最後の1個をカゴに投げ入れた、のに最後の最後にうまく入らず、カゴの縁に当たったそれは床を転がって部屋の隅に消えていった。はぁ、と溜め息を零しながら拾いに行く。さっきからもうこれで何度目の溜め息が止まらない。
ざっと部屋の中を片付けて当たりを見渡す。時計はもういい時間を示していた。
明日は先週に引き続き青学との練習試合がある。今度は青学が氷帝に来る番だ。色々と使うものの類いの準備をしておく必要があるので、マネージャーの琴璃はいつもより遅くまで残って準備をしていた。このボールの仕分け作業も、本来ならやらないけれど総て明日のためだ。別に、やらなくてもどうにかなったのだけれど。何か動いていないと駄目だった。止まったら、また余計なことを考えそうで。
「まだ居たのかよ」
「あ、お疲れさまです」
自主練からあがった跡部が部室に入ってきた。他のレギュラー陣はついさっき皆帰ってしまったが、跡部はよく残って1人で打っていることが多い。琴璃の姿を確認し、そのままロッカールームへと消えて行った。
再び部屋の中は琴璃だけになる。1人になって気を抜くと頭の中が不二で埋め尽くされる。恋人の存在なんて、今まで誰も言ってなかったのに。でも、彼は優しいからモテるに決まってる。彼女が居たところで何ら驚くことはないのに、今まで勝手に自分の都合の良いように考えてしまっていた。先週の会話で彼女の存在が明らかにされてからは、毎日がもう絶望的な思いを抱えて生きている。知りたくなかった。でも、遅かれ早かれいつかは知ることになる。何も始まらないうちに終わってしまった。自分の気持ちの行き場が無くなってしまった。あんなに舞い上がって馬鹿みたい。それを思っては胸が苦しいばかり。

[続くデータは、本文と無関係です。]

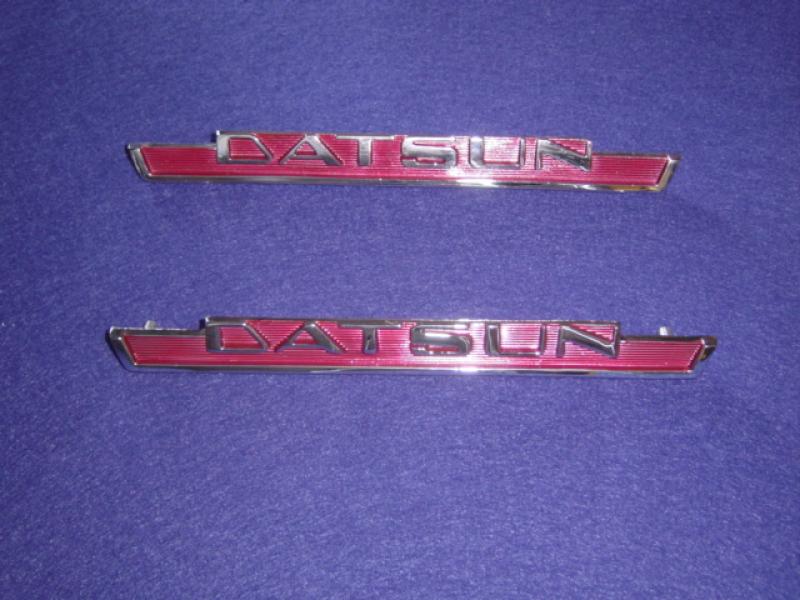 Datsun 1500 63 and 64 Fairlady Hood Emblem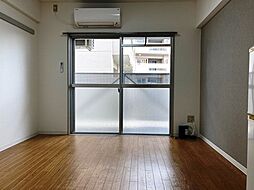 キューブ塚口 6階ワンルームのリビング/ダイニング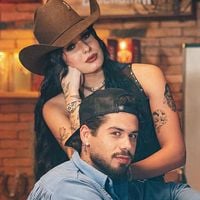 'Rolou beijo': bastidor de Zé Felipe e Ana Castela em gravação de clipe tem beijo na boca e troca de carícias. Tudo o que rolou!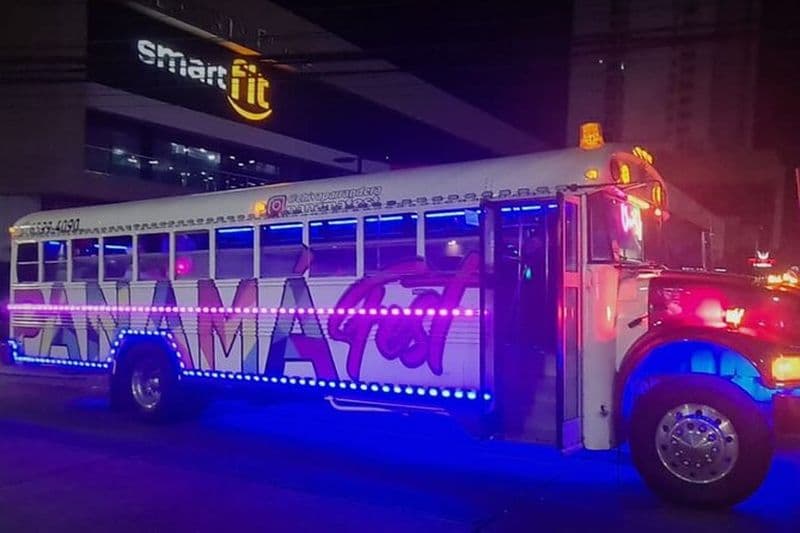 Visite en bus Party on Wheels à travers la ville de Panama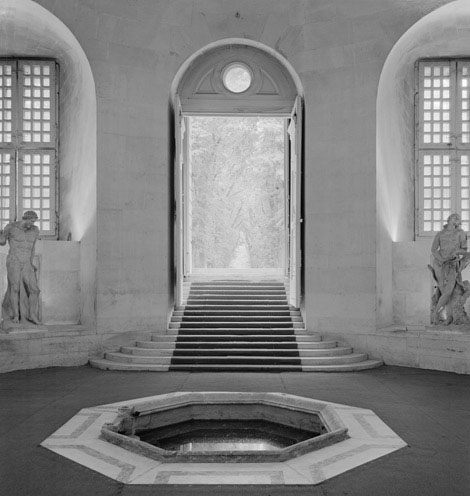 Louis XIV's bathtub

あれほど楽しみだった明日の青学との練習試合。だが今はもう、そんな気持ち欠片もない。相変わらず溜め息しか出てこない。明日、不二に話しかけられたらどんな顔して会えばいいんだろう。不二を見て自分は冷静でいられるだろうか。顔に出てしまわないだろうか。別に向こうは何も思ってないのだから琴璃もとやかく考えず普通でいればいいのに。その、“普通”でいられる自信がない。
「そろそろ帰れよ」
「あ、はい」
また負の感情に呑まれそうな寸での所で跡部に声を掛けられる。着替えを済ませて戻ってきた。でも彼は帰る素振りはなく椅子に座って作業をしている。遠巻きに見たが、紙に何かを記入しているようだ。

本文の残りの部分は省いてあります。